◆ Requirement:
Lines from the one with "Adidas Predator Accuracy" up to and including the one with "Apartamento Duplex/Cobertura em" are to be copied exactly from the records below, without their pictures.

◆ Provided records:
- - -
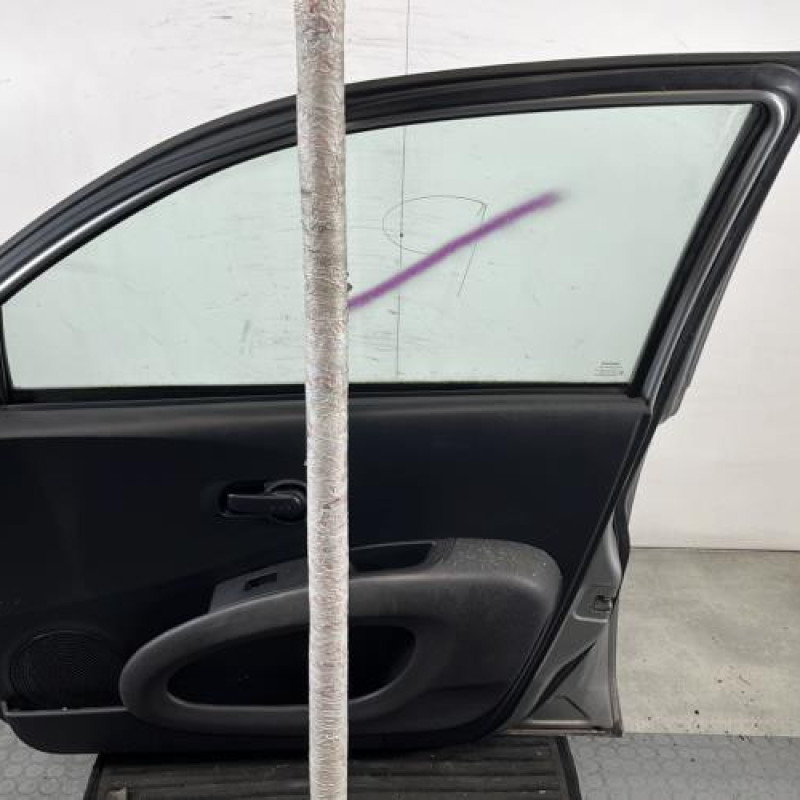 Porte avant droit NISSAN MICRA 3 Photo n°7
- - -
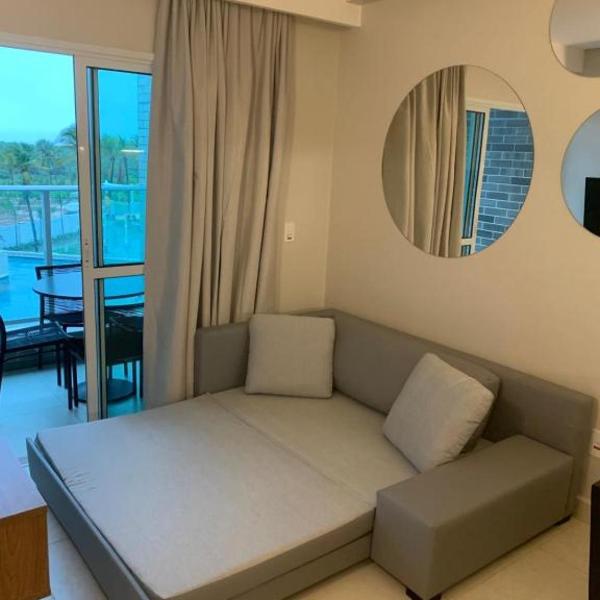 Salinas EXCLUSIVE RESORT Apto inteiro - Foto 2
- - -
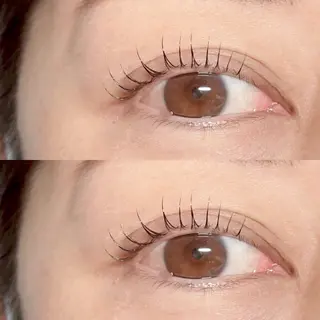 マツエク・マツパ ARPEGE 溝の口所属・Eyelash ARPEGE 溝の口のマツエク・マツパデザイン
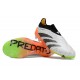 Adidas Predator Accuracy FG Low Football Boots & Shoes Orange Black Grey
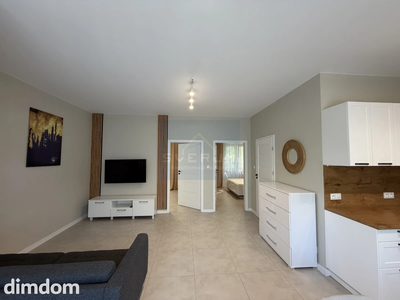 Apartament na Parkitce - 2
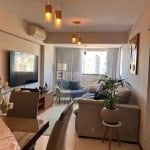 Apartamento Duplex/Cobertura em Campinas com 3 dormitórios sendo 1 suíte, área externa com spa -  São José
- - -
◆ Task output:
 Adidas Predator Accuracy FG Low Football Boots & Shoes Orange Black Grey
 Apartament na Parkitce - 2
 Apartamento Duplex/Cobertura em Campinas com 3 dormitórios sendo 1 suíte, área externa com spa -  São José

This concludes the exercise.